取材当日は十数枚のアナログ盤を持参いただき、ロッド・スチュワート、ライ・クーダー、カサンドラ・ウィルソン、ロバート・プラント、ボズ・スキャッグスなど時代を彩った名作から、テデスキ・トラックス・バンドやアラバマ・シェイクスといった次世代を牽引するアーティストに至るまで名盤の数々をたっぷりと堪能、スタジオには時代を超えた芳醇な音楽で満たされる至高の時間が流れていた。
レコードのサウンドをたっぷりと堪能しながら、あわせて実際にDSD録音にもチャレンジしてみた。ピーター・バラカンのコレクションからロッド・スチュワート『エヴリ・ピクチャー・テルズ・ア・ストーリー』を選択、「マギー・メイ」をDSD128(5.6MHz/1bit)で保存しステレオからプレイバックしてみたが、バラカン氏も「十分忠実に再生されている感じですね」と、
プレーヤー再生と遜色ない再現性を確かめることができた。
そしてもうひとつ、興味深い実験も行われた。通常アナログレコードは、スピーカーからの空気振動や床を伝わる振動にさらされているので、その振動が針の動きに悪影響を与えてしまう。多かれ少なかれ避けがたい宿命にあるわけだが、デジタル録音が目的であれば、取り込み時にスピーカーから音を出す必要はないので、振動の影響を事実上ゼロにした状態で針が盤をトレースできる。
実際音楽を再生しながら取り込んだデータと音を出さずに取り込んだデータを聴き比べてみると、驚くほどの音質に違いが現れ、バラカン氏も「かなり違いますね…いい音しています」と驚きを露わにしていた。音圧に叩かれない状態で針がトレースしてくれるとレコード盤に刻まれた音がクリアに聴こえるのだ。
録音した音源をWALKMAN NW-ZX100に入れて、その聴き心地も確かめてみた。MDR-1Aで再生したバラカン氏は、そのまま時間を忘れたかのように、真剣な表情でリスニングに没頭していた。
私自身も自分のレコードでハイレゾフォーマットでの録音にチャレンジしてみた。選んだレコードは1977年にシングルカットされたイーグルス「ホテル・カリフォルニア」のいわゆるドーナツ盤だ。長らく放置していたこともあり盤のコンディションはあまりよくなく、傷や汚れもあるためにパチパチとノイズも乗ってしまっているが、そんな雑音をも含め、録音された音源はその時の再生状況を見事に描き出してくれた。

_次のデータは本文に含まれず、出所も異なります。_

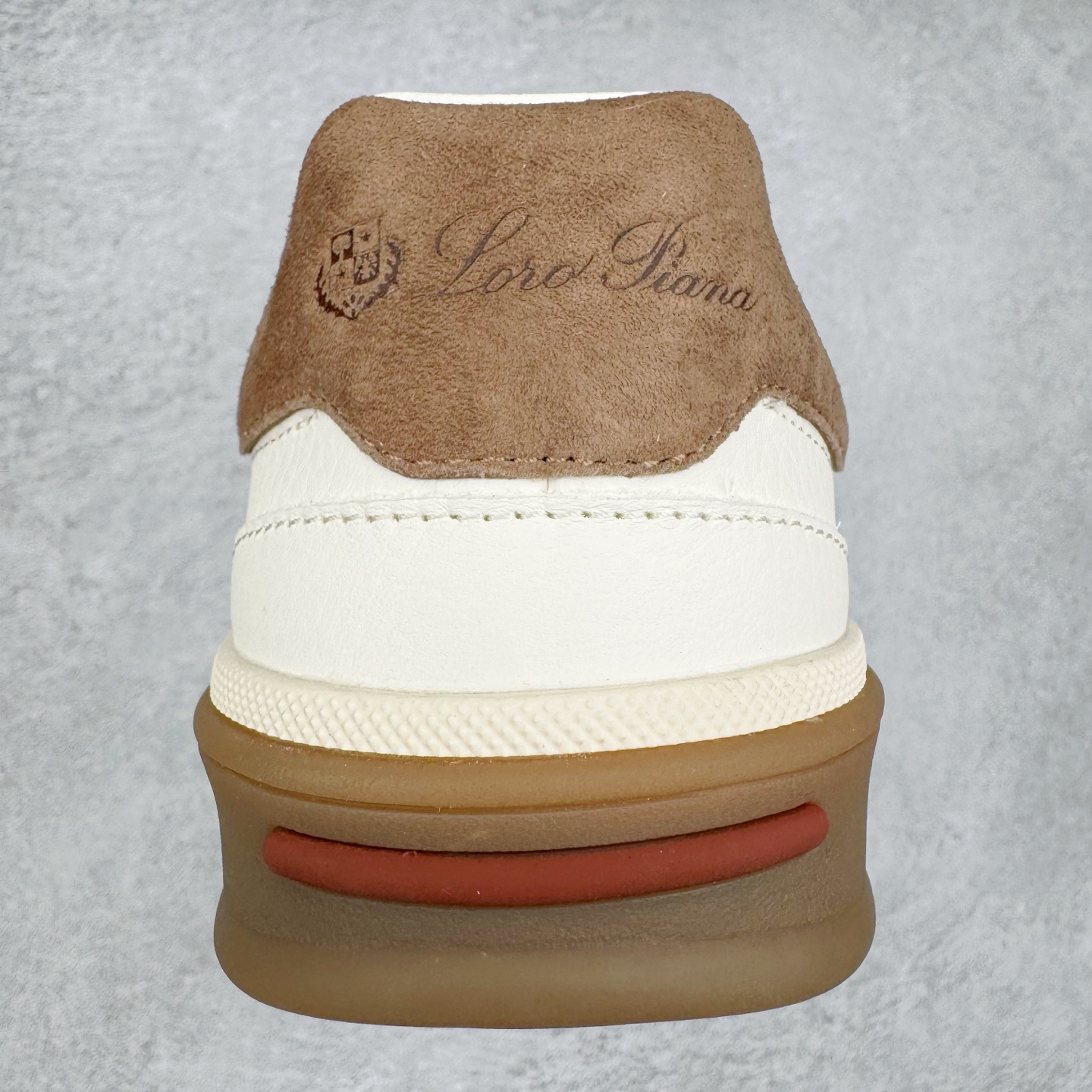 图片[8]-＃GD广顶 Loro Piana Tennis Walk Low 生活系列低帮复古百搭德训风休闲运动板鞋 意大利顶级奢侈品牌·诺悠翩雅 这款新款绒面革网球鞋采用超低帮设计 适合全年穿着 并具有防水性能 包边鞋底营造轻松迷人的色彩组合 将功能性与低调个性风格和谐融合 打造都市着装的理想鞋履选择 鞋跟处饰以Kummel色嵌片 柔软小牛皮鞋舌 压印LP徽标 棉质鞋带 材质：鞋面：牛剖层绒面革 鞋底：橡胶 衬里：牛皮革 尺码：37 38 39 40 41 42 43 44 45-选品中心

録音・編集・保存するのは無料で公開されている専用のPC用アプリ「Hi-ResAudioRecorder」で、PS-HX500とPCをUSBケーブルで接続しソフトを立ち上げると、いつでも録音スタンバイ状態となる。レコードに針を下ろし録音ボタンを押すだけでOKだ。録音を終了すると画面に波形が表示されるので、好きな場所にマーカーを入れていく。曲の頭と最後にそれぞれマーカーを入れ、「アルバム名」「アーティスト名」「曲名」などの編集をしてから保存すれば楽曲データの出来上がりだ。アルバム10曲入りであればマーカーを20ヶ所入れて書き出しをすると、一気に10曲のデータを保存してくれる。保存形式はPCM44.1、48、96、192KHz/16bit、24bitのwavファイル、あるいは2.8MHz、5.6MHzの.dsfファイルでも保存することができる。アルバムだと数GBに及ぶ巨大なデータとなるが、長らく眠っていたアナログレコード・ライブラリーを気軽に高音質で持ち運べるのは画期的な出来事だ。
これ一台あれば、押し入れで眠っていたアナログレコードが一気に息を吹き返すことになる。掘り出し物にあふれた中古レコード店にも行きたくなるというものだ。ミックステープやお気に入りライブラリを作ったりプレイリストを組むように、音楽にたっぷりの時間を割いて贅沢なひとときを味わうのも悪くない。
音楽好きにとって、そんな至宝のミュージックライフを生み出してくれるのも、PS-HX500が持つ隠れた魅力のようだ。